= Susan Florentina =

Indian basketball player (born 1999)

Susan Florentina Saji (born 18 February 1999) is an Indian basketball player from Kerala. She plays for the India women's national basketball team as a power forward. She plays for Kerala and Kerala State Electricity Board team in the domestic tournaments.

== Early life and education ==
Florentina is from Idukki but is a resident of Thiruvananthapuram, Kerala. She is the daughter of late Saji TV and Elizabeth John. She did her graduation at Alphonsa College in Pala, Kottayam. Her height caught the attention of her teacher Smithesh Johnson, who suggested her parents to send her for playing basketball. She learnt her basics under her first coach Biju D Theman and started enjoying the game. Later, she worked hard at college under coach Martin Mathew and was selected for the Kerala State Electricity Board team. She currently trains under coach Aju Jacob.

== Career ==
Florentina is selected for the Indian team in the 3rd South Asian Basketball Association Women's Championship 2025 qualifiers at New Delhi from 23 to 26 February 2025. The Indian team played Maldives and Nepal for a berth in the FIBA women's Asia Cup. She made her senior India debut in the first match, where India defeated Nepal 113–32, on 23 February 2025 at Delhi. And she also played the second match and the final, against Maldives.

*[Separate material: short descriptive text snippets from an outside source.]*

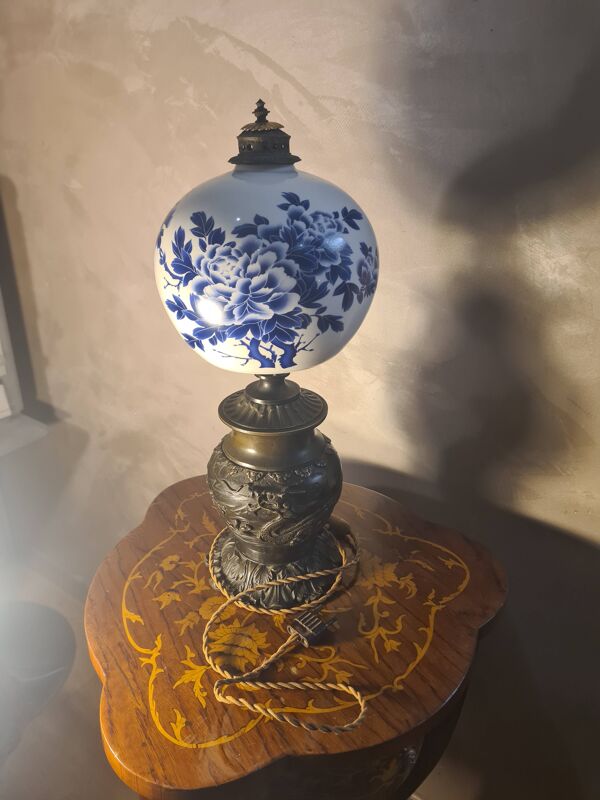 lampe dragon  bronze 1900  art nouveau verre remplacé tres belle piece 47x1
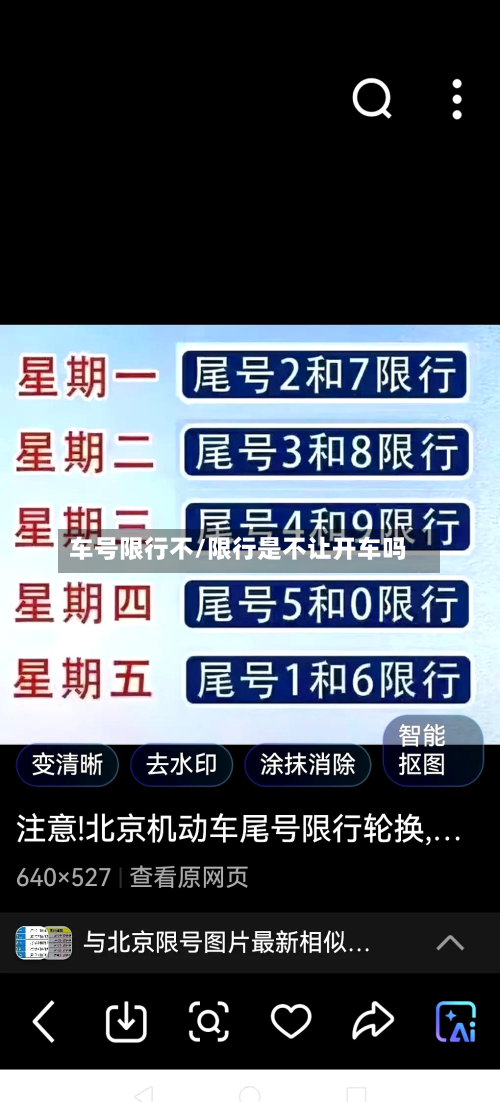 车号限行不/限行是不让开车吗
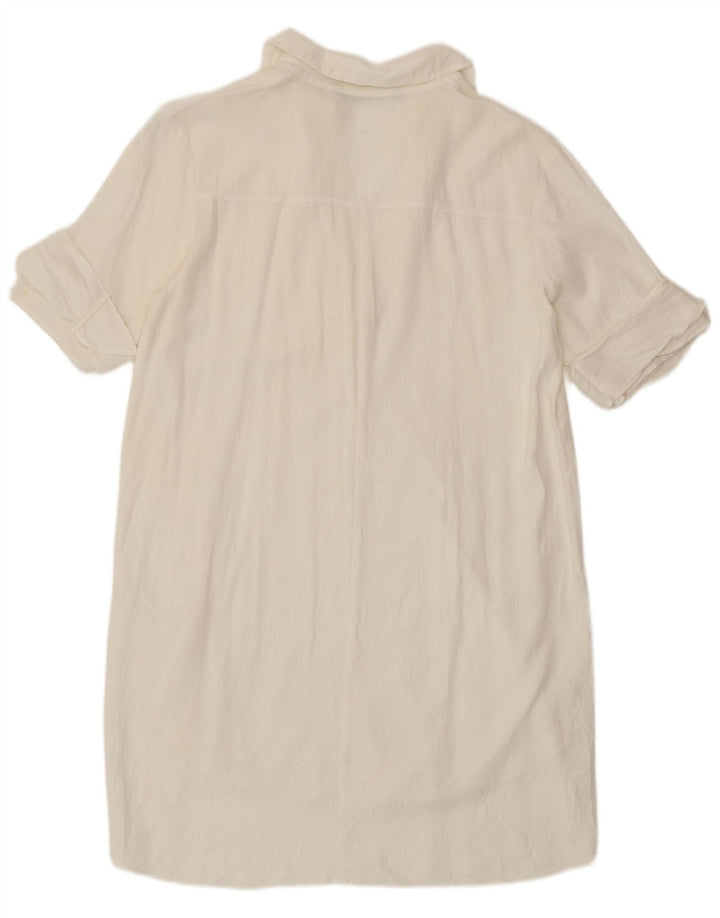 ZARA Robe chemise à manches courtes pour femme UK 14 Blanc moyen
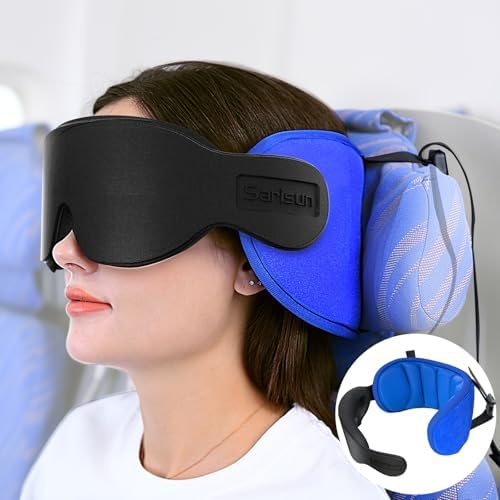 SARISUN Travel Pillow for Airplanes Sleep, Seat Strap for Stable Support by SARISUN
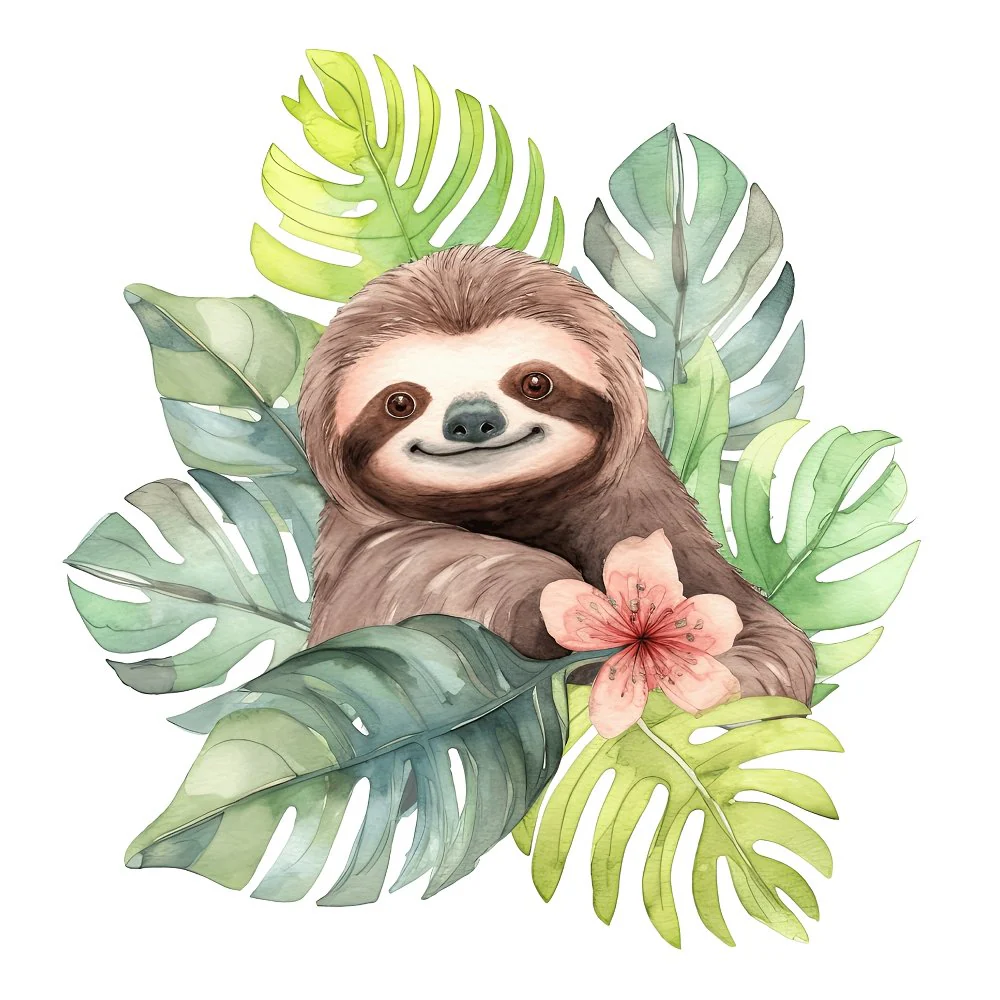 Hand Drawn Sloths Portrait #11 Fabric Panel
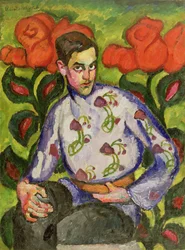 Porträt eines Jungen in einem bunten Hemd, 1909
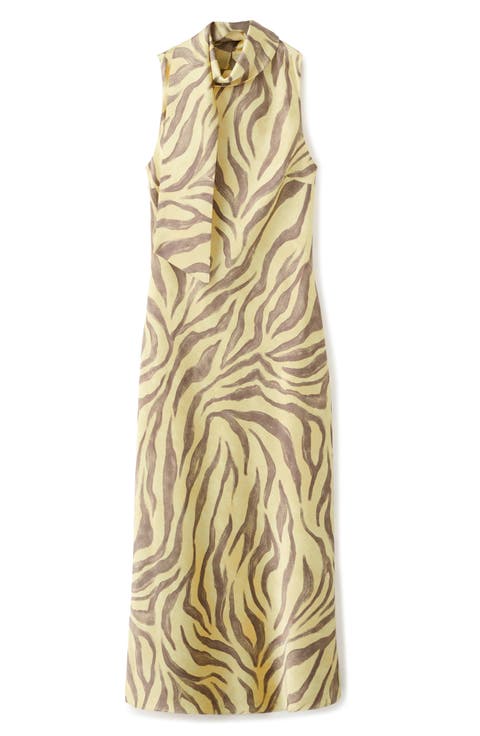 Scarf Detail Zebra Stripe Dress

Earlier in 2025, she was part of the Kerala team which bagged the silver medal at the National Games 2025. She was also part of the Kerala team that won a silver medal in the 74th Senior National Basketball Championship at Bhavnagar, Gujarat in January 2025. In the final against Railways, she scored 17 points and Sreekala garnered 18, but they lost the title 86–53. In the semifinal against Delhi, Florentina ably assisted her captain Sreekala (25 points), by scoring 12 points, 16 rebounds and five blocks.

In January 2025, she was part of the Kerala team that won the 4th 3x3 Senior National Basketball Championship 2024 for Women. Earlier in September 2024, she played for KSEB which finished runners up in the 5th Kerala Senior State 3x3 Basketball Championship.